> Exercise objective
Which lines below hold the word "online"? Copy all of them.
*** Begin section ***
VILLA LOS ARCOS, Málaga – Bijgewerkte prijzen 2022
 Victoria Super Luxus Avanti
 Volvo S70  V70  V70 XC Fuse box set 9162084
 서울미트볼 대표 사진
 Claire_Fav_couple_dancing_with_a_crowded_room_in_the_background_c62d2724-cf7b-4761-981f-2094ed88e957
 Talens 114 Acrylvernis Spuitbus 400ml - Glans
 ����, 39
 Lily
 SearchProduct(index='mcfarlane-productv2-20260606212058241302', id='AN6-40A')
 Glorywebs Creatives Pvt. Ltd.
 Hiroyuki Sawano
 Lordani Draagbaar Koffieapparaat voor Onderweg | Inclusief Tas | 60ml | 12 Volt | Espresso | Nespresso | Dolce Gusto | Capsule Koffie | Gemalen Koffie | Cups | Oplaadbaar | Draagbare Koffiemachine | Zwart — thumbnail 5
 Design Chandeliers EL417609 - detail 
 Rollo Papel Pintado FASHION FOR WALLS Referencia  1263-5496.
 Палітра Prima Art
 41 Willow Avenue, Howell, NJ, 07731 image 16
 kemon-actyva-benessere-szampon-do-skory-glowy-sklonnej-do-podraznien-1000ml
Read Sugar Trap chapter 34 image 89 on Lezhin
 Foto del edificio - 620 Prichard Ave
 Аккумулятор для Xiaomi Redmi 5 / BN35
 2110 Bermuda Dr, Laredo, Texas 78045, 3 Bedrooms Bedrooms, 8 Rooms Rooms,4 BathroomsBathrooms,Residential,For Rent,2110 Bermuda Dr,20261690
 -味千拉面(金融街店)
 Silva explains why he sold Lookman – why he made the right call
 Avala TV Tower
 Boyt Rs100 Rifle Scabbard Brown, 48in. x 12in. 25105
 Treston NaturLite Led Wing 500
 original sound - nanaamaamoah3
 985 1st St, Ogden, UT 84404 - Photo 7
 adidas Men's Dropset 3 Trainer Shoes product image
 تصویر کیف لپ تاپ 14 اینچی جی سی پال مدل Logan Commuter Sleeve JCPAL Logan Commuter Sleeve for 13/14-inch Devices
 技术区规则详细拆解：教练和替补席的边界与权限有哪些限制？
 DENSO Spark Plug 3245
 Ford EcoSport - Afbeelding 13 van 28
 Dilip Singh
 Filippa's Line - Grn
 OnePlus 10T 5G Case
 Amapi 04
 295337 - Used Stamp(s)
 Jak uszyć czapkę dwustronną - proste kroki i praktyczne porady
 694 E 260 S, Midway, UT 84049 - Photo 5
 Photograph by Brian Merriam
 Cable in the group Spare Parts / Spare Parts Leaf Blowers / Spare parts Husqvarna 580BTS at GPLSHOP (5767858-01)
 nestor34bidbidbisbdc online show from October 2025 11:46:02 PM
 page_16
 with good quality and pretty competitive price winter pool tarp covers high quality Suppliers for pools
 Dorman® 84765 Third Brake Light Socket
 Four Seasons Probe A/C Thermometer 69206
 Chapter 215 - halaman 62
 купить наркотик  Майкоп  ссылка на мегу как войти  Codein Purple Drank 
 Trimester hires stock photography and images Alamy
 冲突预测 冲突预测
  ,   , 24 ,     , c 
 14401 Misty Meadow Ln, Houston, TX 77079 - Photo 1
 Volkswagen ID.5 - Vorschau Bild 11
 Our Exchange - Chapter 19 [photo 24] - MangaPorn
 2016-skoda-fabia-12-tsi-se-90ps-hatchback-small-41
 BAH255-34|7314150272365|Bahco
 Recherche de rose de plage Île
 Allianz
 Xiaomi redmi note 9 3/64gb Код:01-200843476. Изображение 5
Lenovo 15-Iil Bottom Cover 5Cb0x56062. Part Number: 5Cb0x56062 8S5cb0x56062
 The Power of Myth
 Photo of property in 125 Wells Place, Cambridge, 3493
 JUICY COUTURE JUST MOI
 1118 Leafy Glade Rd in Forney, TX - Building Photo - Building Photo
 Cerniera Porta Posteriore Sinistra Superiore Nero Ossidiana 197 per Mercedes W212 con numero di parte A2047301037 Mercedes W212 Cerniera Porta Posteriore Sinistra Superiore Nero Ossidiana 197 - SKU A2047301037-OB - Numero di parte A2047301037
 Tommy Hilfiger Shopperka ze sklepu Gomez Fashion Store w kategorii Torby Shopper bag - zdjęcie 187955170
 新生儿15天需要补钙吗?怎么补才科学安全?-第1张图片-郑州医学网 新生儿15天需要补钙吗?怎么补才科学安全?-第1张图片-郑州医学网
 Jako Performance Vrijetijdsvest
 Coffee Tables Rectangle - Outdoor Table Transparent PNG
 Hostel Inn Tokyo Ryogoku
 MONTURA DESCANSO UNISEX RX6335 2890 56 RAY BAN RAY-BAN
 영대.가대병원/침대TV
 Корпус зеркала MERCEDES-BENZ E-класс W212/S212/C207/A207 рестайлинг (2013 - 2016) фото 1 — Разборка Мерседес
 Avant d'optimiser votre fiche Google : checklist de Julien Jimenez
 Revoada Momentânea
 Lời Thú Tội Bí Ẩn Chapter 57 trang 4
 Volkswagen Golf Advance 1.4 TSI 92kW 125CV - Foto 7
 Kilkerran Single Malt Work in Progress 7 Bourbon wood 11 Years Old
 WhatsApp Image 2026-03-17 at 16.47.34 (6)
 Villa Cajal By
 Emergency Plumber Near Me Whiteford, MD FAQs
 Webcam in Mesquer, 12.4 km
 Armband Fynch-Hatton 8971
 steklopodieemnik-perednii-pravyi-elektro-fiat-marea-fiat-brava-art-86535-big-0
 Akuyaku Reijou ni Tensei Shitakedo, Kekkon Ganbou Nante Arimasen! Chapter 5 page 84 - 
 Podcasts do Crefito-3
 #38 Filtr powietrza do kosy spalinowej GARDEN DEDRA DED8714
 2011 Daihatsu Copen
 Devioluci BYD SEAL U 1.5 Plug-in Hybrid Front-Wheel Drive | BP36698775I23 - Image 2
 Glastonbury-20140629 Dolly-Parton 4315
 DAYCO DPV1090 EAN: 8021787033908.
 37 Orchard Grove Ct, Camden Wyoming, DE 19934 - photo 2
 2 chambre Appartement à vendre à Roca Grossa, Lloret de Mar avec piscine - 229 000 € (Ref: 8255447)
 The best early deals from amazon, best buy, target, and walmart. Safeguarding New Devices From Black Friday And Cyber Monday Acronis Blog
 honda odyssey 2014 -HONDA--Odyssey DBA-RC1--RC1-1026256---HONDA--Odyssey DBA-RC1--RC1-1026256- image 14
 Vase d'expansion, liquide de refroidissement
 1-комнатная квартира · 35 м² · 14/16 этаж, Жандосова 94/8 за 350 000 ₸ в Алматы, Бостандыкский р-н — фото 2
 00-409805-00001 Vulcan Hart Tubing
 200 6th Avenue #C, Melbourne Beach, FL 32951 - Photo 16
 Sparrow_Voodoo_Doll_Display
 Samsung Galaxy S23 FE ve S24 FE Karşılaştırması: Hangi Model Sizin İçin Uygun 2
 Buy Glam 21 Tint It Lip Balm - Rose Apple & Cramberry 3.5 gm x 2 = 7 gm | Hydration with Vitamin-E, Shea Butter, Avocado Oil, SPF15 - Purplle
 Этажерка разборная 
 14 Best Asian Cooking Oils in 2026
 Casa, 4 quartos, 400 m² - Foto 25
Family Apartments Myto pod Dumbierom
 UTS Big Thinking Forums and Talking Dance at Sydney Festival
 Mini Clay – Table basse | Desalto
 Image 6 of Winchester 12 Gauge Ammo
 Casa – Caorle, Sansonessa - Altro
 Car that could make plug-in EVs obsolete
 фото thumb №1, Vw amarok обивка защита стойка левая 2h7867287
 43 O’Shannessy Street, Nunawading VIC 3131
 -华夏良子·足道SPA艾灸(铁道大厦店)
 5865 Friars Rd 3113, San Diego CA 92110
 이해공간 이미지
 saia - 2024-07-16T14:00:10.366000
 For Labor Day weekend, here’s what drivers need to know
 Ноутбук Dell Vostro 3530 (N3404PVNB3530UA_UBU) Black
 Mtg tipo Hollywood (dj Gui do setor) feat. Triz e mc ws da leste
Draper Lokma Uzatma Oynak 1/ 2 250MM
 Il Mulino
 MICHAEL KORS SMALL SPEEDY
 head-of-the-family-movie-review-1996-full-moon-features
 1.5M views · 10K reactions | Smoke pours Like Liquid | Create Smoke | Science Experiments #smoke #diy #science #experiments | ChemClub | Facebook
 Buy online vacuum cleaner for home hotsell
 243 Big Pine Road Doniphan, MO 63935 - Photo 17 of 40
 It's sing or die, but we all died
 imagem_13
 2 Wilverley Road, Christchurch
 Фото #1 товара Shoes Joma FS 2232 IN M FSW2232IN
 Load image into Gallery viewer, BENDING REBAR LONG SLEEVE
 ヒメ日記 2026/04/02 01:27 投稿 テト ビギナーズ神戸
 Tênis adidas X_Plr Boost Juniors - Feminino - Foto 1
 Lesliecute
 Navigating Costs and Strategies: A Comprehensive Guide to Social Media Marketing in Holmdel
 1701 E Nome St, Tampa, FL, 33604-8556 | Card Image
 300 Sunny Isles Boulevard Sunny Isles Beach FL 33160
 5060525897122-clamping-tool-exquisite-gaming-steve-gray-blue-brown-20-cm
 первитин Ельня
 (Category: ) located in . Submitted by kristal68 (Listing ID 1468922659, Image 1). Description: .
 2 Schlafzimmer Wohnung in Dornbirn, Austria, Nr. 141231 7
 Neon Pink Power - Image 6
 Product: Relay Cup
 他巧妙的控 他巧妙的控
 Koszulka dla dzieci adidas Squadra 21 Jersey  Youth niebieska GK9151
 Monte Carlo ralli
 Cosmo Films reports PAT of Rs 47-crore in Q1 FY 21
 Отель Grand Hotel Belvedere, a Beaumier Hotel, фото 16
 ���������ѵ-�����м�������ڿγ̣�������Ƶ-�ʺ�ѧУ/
*** End section ***
> Result below
 nestor34bidbidbisbdc online show from October 2025 11:46:02 PM
 Buy online vacuum cleaner for home hotsell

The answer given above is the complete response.